Fundada en 1852 en South Bend, Indiana, como fabricante de vagones y carros funerarios, la empresa incursionó en el negocio de automóviles al iniciar el siglo XX. La literatura que acompañaba sus artes apelaba en forma engañosa a su experiencia de “76 años en la construcción de vehículos”, cuando realmente en el ramo automotriz era sólo de un par de décadas, aunque con bien ganado prestigio.
En Santo Domingo, con sede en El Conde frente al Parque Colón y luego en la Arzobispo Nouel, se establecería la Línea Duarte o la Studebaker para la prestación de servicios de transporte de pasajeros al interior y de envíos de paquetes. En la que laboró el puertoplateño Fabián Tello Alvarado, mejor conocido como Macalé, que derivó en un puesto de revistas, periódicos, libros y dulces criollos hechos en Santiago. Frente a las oficinas de la Casa Brugal.
Como si fuera campaña guiada por la magia creativa de los masters de la publicidad local Damaris Defilló, Miñín Soto, Efraím Castillo, Nandy Rivas, el Príncipe Brinio Díaz o Checheo Rivera, la Santo Domingo Motors Co., bajo el pulso emprendedor de Amadeo Barletta, asumió desde 1920 una vigorosa representación en el país de las marcas de General Motors Co.: Chevrolet, Cadillac, Olds, Buick y Opel. En una caja de zapatos Florsheim llena de recortes de prensa y papeles amarillentos, que depositara para mí el enigmático Joan Sardá en el Palacio de la Esquizofrenia, hallé un cliché suelto de la Santo Domingo Motors.
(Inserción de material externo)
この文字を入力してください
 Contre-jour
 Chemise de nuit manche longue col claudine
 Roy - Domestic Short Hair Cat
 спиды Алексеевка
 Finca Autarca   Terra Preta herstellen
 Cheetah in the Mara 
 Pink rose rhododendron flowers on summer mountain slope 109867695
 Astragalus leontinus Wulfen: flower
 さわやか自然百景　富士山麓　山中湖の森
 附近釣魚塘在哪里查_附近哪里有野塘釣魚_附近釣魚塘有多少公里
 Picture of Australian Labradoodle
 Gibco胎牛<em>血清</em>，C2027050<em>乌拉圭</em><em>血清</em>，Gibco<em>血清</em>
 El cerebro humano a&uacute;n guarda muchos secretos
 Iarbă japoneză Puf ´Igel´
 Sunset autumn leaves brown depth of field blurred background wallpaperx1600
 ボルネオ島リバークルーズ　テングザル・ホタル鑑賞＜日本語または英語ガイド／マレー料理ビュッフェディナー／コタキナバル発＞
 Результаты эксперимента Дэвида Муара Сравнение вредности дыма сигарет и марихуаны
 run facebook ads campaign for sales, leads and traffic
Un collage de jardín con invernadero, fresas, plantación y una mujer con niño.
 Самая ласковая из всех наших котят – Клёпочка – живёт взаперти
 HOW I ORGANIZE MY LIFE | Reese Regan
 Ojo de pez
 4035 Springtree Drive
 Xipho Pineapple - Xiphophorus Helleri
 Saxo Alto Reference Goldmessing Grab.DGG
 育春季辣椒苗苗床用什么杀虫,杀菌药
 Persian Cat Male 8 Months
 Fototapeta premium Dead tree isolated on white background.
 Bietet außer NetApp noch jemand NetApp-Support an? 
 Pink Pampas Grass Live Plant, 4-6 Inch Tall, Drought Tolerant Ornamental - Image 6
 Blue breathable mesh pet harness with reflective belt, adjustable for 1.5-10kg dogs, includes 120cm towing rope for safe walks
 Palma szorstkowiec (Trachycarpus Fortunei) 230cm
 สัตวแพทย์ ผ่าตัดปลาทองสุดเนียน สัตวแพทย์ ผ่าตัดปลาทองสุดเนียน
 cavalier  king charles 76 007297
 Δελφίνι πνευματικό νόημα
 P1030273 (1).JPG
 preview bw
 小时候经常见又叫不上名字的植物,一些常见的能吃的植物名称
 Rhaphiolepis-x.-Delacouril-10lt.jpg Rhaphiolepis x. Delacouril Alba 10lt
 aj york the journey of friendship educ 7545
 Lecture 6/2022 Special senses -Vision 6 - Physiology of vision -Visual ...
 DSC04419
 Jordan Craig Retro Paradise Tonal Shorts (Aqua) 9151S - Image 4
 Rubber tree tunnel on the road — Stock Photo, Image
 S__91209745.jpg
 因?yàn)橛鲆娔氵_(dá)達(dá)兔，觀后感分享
La publicidad jugaba, en términos comparativos, con las ventajas relativas de lo que denomina “Los Cuatro Grandes Acontecimientos del Siglo XX”, aludiendo con ello a la tecnología del transporte: “el Monoplano Fokker, el Tren Expreso 20th Century Limited y el Gran Transatlántico”, para añadir su producto, bajo el epígrafe impactante de “el Factor Cadillac”. Tras describir los perfiles específicos de los 3 primeros, pasa a ponderar las bondades del automóvil.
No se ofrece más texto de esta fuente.